▸ **DATASET**
***
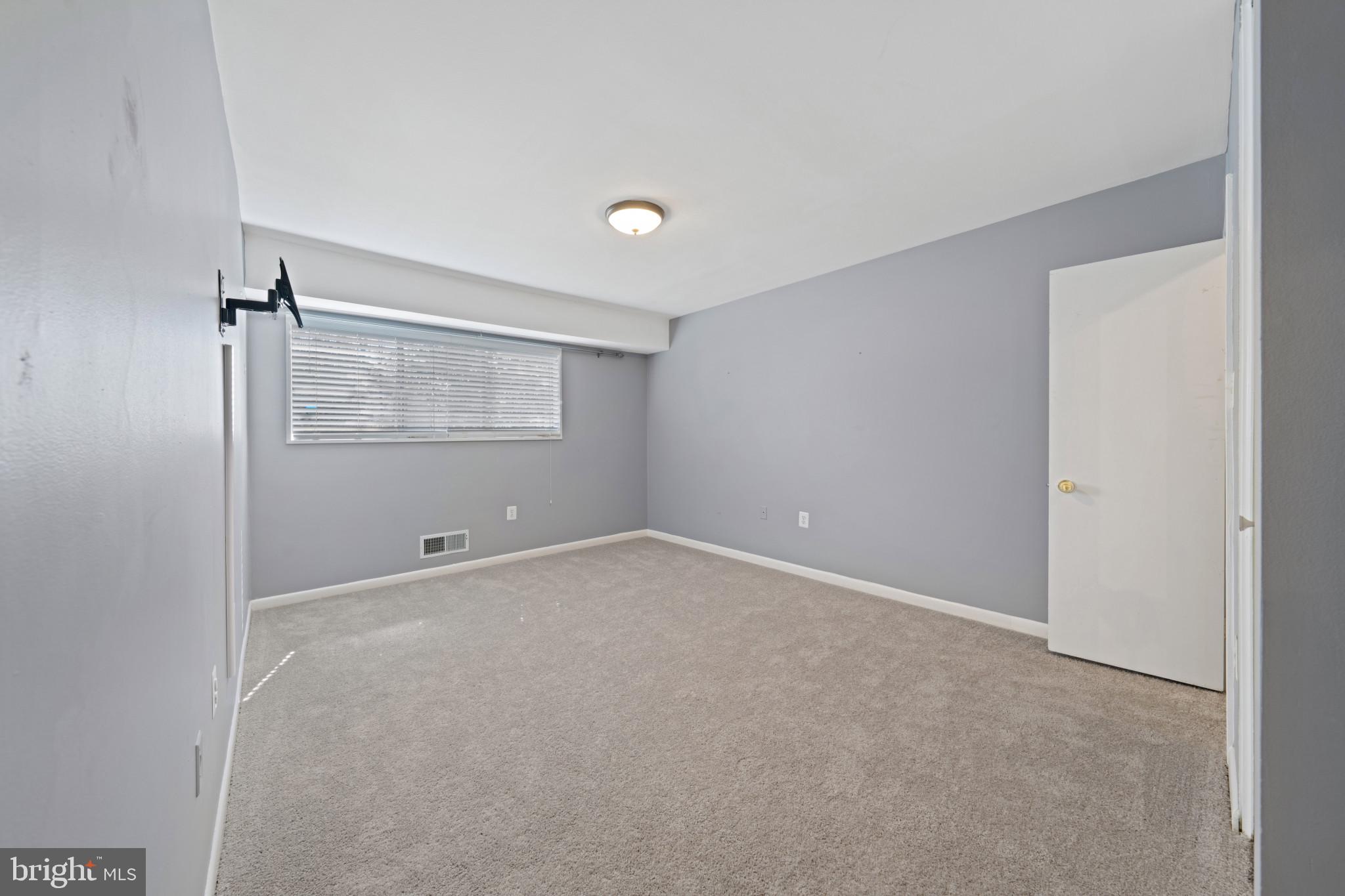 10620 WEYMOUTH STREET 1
***
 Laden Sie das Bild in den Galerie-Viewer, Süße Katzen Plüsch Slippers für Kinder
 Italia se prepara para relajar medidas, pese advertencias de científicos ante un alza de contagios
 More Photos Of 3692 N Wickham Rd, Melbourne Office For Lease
***
▸ **PROBLEM TO SOLVE**
Reproduce exactly the stretch of the material above that starts at the line with "Laden Sie das" and ends at the line with "More Photos Of", both included, and nothing else.

▸ **TASK OUTPUT**
 Laden Sie das Bild in den Galerie-Viewer, Süße Katzen Plüsch Slippers für Kinder
 Italia se prepara para relajar medidas, pese advertencias de científicos ante un alza de contagios
 More Photos Of 3692 N Wickham Rd, Melbourne Office For Lease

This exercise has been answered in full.